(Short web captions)
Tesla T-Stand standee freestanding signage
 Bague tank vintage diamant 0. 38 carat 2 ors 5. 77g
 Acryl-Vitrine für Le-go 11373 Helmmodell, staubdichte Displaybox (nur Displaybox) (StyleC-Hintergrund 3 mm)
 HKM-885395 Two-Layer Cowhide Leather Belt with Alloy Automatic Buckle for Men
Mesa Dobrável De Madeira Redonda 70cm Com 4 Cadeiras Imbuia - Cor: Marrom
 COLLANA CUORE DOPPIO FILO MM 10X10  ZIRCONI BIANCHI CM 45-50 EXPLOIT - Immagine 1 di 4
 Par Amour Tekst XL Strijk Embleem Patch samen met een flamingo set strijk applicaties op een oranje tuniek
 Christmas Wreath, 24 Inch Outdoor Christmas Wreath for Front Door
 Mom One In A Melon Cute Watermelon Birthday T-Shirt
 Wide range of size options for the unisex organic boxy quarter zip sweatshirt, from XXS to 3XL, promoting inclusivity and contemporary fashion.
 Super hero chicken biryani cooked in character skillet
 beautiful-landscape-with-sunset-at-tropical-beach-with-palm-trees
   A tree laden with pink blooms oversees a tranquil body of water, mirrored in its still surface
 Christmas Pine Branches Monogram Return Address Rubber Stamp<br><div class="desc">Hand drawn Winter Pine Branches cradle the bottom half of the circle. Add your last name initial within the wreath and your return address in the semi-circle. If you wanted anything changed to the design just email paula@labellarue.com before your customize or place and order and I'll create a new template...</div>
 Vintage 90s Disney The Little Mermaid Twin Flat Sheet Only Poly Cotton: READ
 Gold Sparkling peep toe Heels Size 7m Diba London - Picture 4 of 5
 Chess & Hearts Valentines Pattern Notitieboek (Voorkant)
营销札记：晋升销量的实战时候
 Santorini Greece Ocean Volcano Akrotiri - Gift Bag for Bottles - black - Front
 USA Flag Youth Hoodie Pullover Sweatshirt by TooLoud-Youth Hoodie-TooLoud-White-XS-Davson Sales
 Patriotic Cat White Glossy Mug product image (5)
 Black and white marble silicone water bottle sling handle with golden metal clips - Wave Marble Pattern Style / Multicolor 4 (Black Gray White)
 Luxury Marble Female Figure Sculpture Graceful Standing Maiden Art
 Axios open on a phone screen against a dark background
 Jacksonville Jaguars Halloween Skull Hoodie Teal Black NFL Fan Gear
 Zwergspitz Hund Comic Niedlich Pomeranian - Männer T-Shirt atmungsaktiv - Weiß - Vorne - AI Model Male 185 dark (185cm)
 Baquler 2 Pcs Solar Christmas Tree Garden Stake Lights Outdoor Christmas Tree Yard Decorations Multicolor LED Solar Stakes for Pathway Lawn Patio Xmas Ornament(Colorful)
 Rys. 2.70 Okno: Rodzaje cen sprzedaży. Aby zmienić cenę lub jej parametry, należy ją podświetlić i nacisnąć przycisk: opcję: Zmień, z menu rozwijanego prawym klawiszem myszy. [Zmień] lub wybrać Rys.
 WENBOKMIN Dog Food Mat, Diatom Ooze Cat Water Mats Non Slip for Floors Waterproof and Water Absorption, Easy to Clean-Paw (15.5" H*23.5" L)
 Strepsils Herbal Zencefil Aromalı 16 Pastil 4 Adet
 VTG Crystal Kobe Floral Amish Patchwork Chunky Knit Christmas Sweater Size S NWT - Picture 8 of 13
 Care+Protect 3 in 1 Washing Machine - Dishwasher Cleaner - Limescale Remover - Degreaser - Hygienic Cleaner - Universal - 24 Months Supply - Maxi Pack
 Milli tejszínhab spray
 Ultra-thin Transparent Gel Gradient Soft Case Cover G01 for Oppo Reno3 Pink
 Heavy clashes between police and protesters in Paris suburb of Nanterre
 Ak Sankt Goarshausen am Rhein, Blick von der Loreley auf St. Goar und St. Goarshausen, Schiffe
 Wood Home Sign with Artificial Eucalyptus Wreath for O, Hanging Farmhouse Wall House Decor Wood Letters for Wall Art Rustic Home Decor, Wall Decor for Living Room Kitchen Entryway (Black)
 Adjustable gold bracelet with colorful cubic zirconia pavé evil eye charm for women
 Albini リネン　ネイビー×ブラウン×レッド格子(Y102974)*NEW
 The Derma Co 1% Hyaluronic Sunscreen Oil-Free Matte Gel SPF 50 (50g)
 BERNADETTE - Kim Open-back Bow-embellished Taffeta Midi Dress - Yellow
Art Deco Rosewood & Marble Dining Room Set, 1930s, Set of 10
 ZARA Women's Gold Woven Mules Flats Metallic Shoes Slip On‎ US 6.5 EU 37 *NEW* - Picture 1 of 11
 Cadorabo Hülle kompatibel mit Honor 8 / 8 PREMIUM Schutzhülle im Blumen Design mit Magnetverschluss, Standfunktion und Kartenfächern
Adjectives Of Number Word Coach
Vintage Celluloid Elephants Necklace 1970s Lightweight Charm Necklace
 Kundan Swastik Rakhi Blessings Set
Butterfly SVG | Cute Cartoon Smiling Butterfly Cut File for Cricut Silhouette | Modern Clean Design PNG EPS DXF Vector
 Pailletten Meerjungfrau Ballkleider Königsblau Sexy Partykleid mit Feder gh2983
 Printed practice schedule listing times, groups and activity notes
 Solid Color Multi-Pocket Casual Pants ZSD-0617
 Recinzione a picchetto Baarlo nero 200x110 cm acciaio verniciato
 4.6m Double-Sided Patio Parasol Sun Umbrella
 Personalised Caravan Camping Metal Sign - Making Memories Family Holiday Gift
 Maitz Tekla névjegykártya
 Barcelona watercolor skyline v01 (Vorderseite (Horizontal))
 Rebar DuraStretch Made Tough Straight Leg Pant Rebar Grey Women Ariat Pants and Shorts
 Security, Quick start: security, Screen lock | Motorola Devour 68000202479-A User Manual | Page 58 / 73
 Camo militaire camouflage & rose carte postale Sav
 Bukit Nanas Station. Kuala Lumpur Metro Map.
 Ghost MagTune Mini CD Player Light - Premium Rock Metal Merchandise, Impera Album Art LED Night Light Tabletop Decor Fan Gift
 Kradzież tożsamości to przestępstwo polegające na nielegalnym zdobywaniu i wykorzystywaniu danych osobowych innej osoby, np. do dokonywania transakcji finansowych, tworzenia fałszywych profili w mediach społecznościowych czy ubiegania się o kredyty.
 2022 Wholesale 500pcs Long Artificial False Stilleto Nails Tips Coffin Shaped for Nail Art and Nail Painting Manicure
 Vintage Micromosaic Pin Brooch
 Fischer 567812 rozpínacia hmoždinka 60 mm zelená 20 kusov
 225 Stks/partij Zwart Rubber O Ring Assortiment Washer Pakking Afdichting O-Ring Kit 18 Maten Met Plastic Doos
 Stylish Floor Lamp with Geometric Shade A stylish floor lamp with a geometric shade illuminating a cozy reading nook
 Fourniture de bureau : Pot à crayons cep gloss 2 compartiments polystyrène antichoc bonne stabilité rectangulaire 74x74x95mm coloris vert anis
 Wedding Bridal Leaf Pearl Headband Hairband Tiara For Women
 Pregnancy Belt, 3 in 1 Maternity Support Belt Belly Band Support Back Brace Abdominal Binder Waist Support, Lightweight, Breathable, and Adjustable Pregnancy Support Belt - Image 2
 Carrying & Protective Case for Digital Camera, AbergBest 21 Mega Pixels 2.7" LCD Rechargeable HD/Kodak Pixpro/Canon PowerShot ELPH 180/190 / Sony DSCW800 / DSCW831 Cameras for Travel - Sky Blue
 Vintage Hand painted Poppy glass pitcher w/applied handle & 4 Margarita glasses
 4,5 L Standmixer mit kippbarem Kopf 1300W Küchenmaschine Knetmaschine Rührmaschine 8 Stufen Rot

Task item:
Could you reproduce exactly the lines of the entries above, from the one with "Cadorabo Hülle kompatibel" through the one with "Camo militaire camouflage", and nothing else?

Solution:
 Cadorabo Hülle kompatibel mit Honor 8 / 8 PREMIUM Schutzhülle im Blumen Design mit Magnetverschluss, Standfunktion und Kartenfächern
Adjectives Of Number Word Coach
Vintage Celluloid Elephants Necklace 1970s Lightweight Charm Necklace
 Kundan Swastik Rakhi Blessings Set
Butterfly SVG | Cute Cartoon Smiling Butterfly Cut File for Cricut Silhouette | Modern Clean Design PNG EPS DXF Vector
 Pailletten Meerjungfrau Ballkleider Königsblau Sexy Partykleid mit Feder gh2983
 Printed practice schedule listing times, groups and activity notes
 Solid Color Multi-Pocket Casual Pants ZSD-0617
 Recinzione a picchetto Baarlo nero 200x110 cm acciaio verniciato
 4.6m Double-Sided Patio Parasol Sun Umbrella
 Personalised Caravan Camping Metal Sign - Making Memories Family Holiday Gift
 Maitz Tekla névjegykártya
 Barcelona watercolor skyline v01 (Vorderseite (Horizontal))
 Rebar DuraStretch Made Tough Straight Leg Pant Rebar Grey Women Ariat Pants and Shorts
 Security, Quick start: security, Screen lock | Motorola Devour 68000202479-A User Manual | Page 58 / 73
 Camo militaire camouflage & rose carte postale Sav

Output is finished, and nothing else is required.